Arrested and charged in connection with all five incidents was a 17-year-old juvenile, who was not identified by police because of his age. The teenager was charged with five counts of burglary, one count of aggravated criminal mischief and five counts of theft, according to Stubbert.

In addition, another juvenile was issued a summons on a charge of burglary, theft and criminal mischief related to the break-in at the Atwood school.

An adult — Drew Roy, 37, of Oakland — was arrested Wednesday night and charged in connection with the burglaries at the high school, Early Bird Restaurant and Oakland House of Pizza. He faces three counts of burglary, three counts of theft and one count of aggravated criminal mischief.

Roy was released on $6,000 unsecured bail after his arrest in Fairfield, which Stubbert said was aided by tips police received from the public after posting on Facebook. On July 30, police posted surveillance images showing a man in a baseball hat walking away with items during one of the burglaries. On Wednesday morning, police followed up with a post identifying Roy as the suspect and asking for help finding him.

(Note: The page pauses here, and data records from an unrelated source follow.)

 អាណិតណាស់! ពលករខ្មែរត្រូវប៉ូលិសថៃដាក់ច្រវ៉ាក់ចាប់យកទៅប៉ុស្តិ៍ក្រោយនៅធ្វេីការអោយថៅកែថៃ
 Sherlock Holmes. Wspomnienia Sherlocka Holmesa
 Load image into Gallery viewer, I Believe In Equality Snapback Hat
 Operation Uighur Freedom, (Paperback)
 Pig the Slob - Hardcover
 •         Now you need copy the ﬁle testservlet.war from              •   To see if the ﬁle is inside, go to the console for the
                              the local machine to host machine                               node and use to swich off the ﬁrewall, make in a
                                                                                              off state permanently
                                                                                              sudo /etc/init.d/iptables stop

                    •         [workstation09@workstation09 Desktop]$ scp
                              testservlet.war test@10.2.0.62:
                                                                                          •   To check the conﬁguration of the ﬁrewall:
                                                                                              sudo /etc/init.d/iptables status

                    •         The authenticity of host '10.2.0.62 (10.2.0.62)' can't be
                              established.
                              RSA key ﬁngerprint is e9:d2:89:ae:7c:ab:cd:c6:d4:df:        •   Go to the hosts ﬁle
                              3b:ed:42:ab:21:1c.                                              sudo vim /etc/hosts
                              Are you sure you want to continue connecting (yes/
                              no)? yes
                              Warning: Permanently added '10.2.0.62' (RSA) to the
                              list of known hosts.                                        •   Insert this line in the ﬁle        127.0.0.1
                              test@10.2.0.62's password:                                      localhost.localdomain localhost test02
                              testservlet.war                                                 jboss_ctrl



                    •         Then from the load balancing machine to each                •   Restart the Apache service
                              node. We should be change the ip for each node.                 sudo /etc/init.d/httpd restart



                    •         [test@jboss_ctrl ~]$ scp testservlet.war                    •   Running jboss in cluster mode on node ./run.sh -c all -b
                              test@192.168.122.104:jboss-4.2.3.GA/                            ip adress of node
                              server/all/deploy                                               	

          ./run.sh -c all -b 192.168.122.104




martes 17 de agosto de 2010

Oakland and Fairfield police worked together to locate him in Fairfield on Wednesday night.

“The tips helped,” Stubbert said.

Both of the juveniles charged by police attend Messalonskee High School, according to Carl Gartley, superintendent of Oakland-based Regional School Unit 18. Gartley said the monetary damages at the high school will total in the thousands of dollars. Several windows inside the building were broken, the door to the Boosters snack shack was broken down and small items were taken from desks.

“They were in the building for several hours, so actually we were very fortunate more damage wasn’t done,” Gartley said. “There was surprisingly very little we could identify that was stolen.”

Gartley said the school has temporary replacements for the vandalized portions of the building and is obtaining quotes for permanent fixes.

At the Atwood school, there was less damage: An old window was pried open, and cash and items were taken from desks and filing cabinets, Gartley said.

“It’s just sad, because our students are so good and have such good reputations, that one of these gives us a bad name, and that’s not what we’re about,” Gartley said. “It is very unusual. Kids do silly things sometimes, but malicious behavior is not the norm for what we see of kids in our schools, which is why it’s so unsettling. It’s not a good feeling, and we’re anxious to get the kids back to school and to do good things.”

Although the juveniles attend Messalonskee, Gartley said he was unaware of any connection Roy has to the schools. The superintendent said school officials would look at their policies and the legal outcome when assessing repercussions for the students and would try to make any possible discipline educational.

“Our goal is to educate all kids but still keep a safe and orderly environment,” he said.

Gartley also said the incidents highlight for him the benefit of having an open and helpful local police department.

“I can’t say enough about the good job they did being sensitive to our students, keeping us informed,” Gartley said. “We are very fortunate to have an open police department; they are stellar.”